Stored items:
· · · · ·

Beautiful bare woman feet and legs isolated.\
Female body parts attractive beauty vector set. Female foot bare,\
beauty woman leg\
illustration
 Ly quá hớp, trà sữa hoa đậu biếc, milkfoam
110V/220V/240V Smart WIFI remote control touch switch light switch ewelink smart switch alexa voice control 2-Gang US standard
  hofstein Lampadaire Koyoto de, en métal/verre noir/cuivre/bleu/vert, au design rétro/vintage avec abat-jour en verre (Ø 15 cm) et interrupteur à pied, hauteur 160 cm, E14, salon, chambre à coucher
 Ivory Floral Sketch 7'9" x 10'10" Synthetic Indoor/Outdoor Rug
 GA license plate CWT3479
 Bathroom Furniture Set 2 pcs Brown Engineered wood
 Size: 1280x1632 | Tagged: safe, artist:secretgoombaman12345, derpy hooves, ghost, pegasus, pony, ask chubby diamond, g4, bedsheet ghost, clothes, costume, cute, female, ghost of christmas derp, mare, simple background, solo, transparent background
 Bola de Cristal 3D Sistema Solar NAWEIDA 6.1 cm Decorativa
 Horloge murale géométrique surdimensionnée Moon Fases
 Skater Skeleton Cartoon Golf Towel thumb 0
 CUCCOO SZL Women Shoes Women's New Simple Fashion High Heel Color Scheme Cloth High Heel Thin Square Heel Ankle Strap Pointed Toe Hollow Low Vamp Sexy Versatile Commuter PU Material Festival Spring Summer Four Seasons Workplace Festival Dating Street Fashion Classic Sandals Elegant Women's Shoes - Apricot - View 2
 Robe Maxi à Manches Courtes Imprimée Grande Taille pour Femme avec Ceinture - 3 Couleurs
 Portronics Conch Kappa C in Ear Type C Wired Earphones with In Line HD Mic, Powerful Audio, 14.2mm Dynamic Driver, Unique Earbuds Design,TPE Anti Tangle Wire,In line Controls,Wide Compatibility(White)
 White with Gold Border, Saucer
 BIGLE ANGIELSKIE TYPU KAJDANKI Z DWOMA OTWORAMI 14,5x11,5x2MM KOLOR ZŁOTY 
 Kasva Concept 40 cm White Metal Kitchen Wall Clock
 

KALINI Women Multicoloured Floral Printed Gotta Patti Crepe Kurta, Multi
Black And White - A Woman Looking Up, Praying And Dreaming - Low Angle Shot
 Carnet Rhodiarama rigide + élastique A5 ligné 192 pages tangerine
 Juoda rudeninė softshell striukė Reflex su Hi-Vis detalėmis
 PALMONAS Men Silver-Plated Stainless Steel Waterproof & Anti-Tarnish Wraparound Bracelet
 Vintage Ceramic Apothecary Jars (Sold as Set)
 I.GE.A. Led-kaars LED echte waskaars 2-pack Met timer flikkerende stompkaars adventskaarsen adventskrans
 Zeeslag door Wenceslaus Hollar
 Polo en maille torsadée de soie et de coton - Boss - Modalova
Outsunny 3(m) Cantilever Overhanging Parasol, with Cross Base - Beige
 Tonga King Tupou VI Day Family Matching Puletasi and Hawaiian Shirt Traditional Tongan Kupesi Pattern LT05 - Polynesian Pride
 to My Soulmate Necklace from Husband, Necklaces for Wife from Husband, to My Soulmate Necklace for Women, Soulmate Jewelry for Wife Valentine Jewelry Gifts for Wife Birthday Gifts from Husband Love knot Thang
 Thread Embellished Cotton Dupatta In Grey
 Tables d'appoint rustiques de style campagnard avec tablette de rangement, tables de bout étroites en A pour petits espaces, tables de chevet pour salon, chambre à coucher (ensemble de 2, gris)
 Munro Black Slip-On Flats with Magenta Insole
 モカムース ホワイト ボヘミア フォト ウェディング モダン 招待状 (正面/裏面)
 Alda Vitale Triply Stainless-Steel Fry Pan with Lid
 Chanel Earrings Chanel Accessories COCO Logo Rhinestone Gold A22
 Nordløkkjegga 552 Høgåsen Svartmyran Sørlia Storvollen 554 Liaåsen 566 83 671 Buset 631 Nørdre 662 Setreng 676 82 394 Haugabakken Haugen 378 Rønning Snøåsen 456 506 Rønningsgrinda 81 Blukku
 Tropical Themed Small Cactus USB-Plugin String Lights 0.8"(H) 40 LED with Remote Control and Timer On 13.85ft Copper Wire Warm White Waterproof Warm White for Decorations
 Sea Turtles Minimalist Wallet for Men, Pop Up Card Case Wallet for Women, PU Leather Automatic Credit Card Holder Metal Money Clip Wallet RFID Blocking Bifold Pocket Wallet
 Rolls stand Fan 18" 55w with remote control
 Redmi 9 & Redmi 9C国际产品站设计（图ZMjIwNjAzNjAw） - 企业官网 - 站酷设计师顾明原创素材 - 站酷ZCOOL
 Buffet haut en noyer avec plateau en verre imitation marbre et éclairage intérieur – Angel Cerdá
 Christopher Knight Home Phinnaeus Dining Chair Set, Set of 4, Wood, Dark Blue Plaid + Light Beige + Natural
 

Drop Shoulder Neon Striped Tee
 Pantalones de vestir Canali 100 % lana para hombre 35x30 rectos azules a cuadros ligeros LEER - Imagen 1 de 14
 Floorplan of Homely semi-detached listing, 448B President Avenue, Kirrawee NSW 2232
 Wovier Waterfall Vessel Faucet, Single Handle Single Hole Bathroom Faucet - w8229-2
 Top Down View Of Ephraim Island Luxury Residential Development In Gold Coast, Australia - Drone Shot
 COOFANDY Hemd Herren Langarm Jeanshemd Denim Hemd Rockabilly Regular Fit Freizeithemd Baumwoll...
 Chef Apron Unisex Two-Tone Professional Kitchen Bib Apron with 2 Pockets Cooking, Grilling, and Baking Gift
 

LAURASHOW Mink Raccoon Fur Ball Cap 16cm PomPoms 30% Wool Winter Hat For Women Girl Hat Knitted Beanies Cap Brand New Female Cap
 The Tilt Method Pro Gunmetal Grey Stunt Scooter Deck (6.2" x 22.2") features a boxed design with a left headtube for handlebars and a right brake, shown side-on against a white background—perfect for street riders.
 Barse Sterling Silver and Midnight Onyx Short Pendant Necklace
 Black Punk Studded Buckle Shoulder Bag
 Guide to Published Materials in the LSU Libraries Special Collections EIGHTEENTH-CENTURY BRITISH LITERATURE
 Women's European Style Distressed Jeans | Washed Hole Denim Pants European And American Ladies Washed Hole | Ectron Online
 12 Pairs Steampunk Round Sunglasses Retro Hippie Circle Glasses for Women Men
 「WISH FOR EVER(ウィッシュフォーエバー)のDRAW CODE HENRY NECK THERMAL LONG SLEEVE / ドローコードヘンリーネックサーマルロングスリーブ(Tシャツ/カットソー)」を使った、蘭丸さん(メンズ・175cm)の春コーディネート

· · · · ·

Task objective: Print only these lines, please. They run from the start of the entries above to the line containing "110V/220V/240V Smart WIFI", both ends included, and must match exactly.

Answer for this exercise:
Beautiful bare woman feet and legs isolated.\
Female body parts attractive beauty vector set. Female foot bare,\
beauty woman leg\
illustration
 Ly quá hớp, trà sữa hoa đậu biếc, milkfoam
110V/220V/240V Smart WIFI remote control touch switch light switch ewelink smart switch alexa voice control 2-Gang US standard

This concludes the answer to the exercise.